Graviola, a close relative of cherimoya (Annona cherimola), is a fruit tree that grows from Mexico to Peru. Although better known for its fruit ("soursop") is powerful traditional from the Amazon, used as a healing agent by the indigenous to treat a wide variety of health conditions (see below).

Uses and Protocols:

I. Preparation --- if you can boil water, you can make this product:

Professional herbalists will recognize this as a standard infusion.

  1. Add roughly 20 grams (about 1/4 of the bag of product) to one liter (about 4 cups) of purified water. Boil for 45 minutes.
  2. Drink 1/2 cup once daily at least one hour before a meal.
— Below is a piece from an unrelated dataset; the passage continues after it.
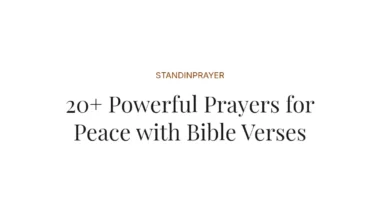 20+ Powerful Prayers for Peace with Bible Verses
Warnings / Contraindications: Taylor indicates that graviola has "anticardiodepressant, vasodilator, and hypotensive (lowers blood pressure) actions. Large dosages can cause nausea and vomiting. Avoid combining with ATP-enhancers like CoQ10." (2)

Duke's warnings are more succinct: "Repeated consumption could cause the neuronal dysfunction and degeneration underlying the West Indian parkinsonian syndrome (X11835443). As of July 2007, the FDA Poisonous Plant Database listed 16 titles alluding to toxicity of this species." (3)

Shelf-Life: This product is dehydrated, so its functional shelf-life is well in excess of two years.

Ethnobotanical Dosage / Usage: Duke provides a "food pharmacy potential" score for this plant of, "FNFF=!!!" ("Important enough in the world to be in many U.S. supermarkets"). Fruit pulp widely consumed as food, including in U.S. markets; consumed fresh or as beverages, custards, ice cream, liqueurs, sherberts, used in Cuba's "champola de guanábana" and Philippines "nata dy guayabana"; young shoots eaten steamed with rice (FAC; TAN). Powdered green fruit used for aphthae (stomatitis) and dysentery (KAB). Leaf tea anthelmintic, antidysenteric, febrifuge, stomachic, and sudorific, given with sugar for nervousness or palpitations (WO2). Sudorific leaves and flowers for kidney troubles (WO2). Seeds crushed and used to kill lice (DAV).

Here are other ethnobotanical uses cited by Duke (4):

  1. Flowers or flower buds used for cough in Réunion (KAB).
  2. Roots considered antispasmodicin Réunion (KAB).
  3. Trinidadans use for high blood pressure (X17040567).